De facto American withdrawal means that NATO has effectively ceased to exist. Instead, we need bilateral non-aggression treaties with all other European countries including Russia and indeed Ukraine, with the United States, and with Canada. We need non-aggression treaties with the Shanghai Cooperation Organisation and with the Collective Security Treaty Organisation, and preferably also with each of their members bilaterally. There should be no foreign military bases on British soil. Military force should be used only ever in self-defence, and only ever with the approval of the House of Commons, the composition of which therefore needs to be changed dramatically.

Whatever happened to Josh Simons, the Minister for Digital ID who had tried to frame critical journalists, including Starmer’s Independent opponent at the last General Election, for crimes against the Official Secrets Act and the National Security Act? Whatever happened to Simons’s close associate Joani Reid, the Lewisham councillor whom Peter Mandelson imposed as the Labour MP for East Kilbride and Strathaven, and who turned out to have been carrying on drunkenly with 50 per cent of the captains of Britain’s nuclear armed submarines while married to a man who had been arrested as an alleged Chinese spy three weeks after his firm had paid her £2,400? Well, we know the answer to that second question. In the face of very stiff competition, Reid has been recognised as the laziest member of the House of Commons, leaving her seat vacant in every sense except that she was still being paid. Even Sinn Féin abstentionists get more done.

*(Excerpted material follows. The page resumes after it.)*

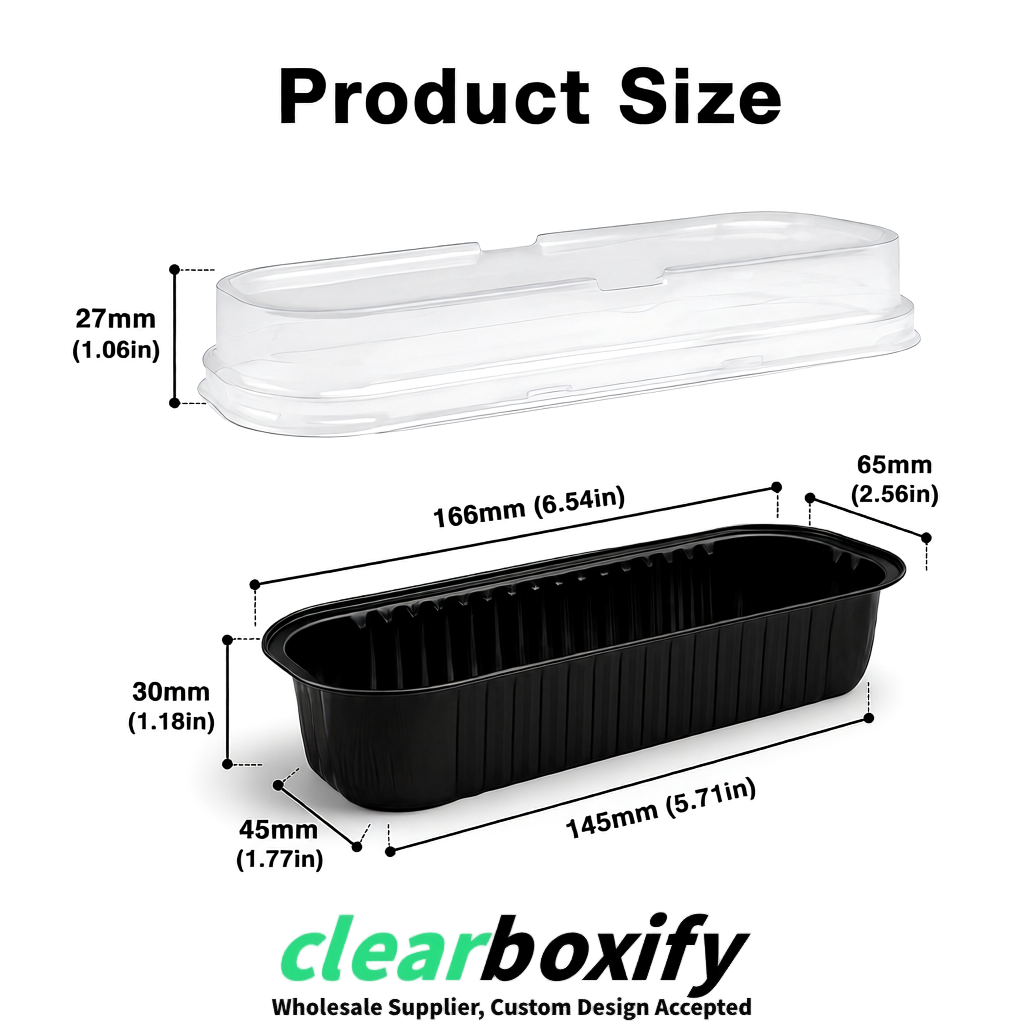 Black Mini Loaf Pans with Clear Lids 6.8oz Rectangular Aluminum Foil Baking Pans Supplier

Having disposed of such waste, BAE Systems should be renationalised as the monopoly supplier to our own Armed Forces, with a ban on all sale of arms abroad, and with a comprehensive programme of diversification in the spirit of the Lucas Plan. And since armed neutrality never included the nuclear weapons that were by definition purely offensive, then instead of Trident, an extra £70 billion should be given to each of the Royal Navy, the British Army, and the Royal Air Force. That would not entail depriving anything else of funding. As a sovereign state with its own free-floating, fiat currency, the United Kingdom has as much of that currency as it chooses to issue to itself, with the fiscal and monetary means to control inflation, means that therefore need to be under democratic political control in both cases.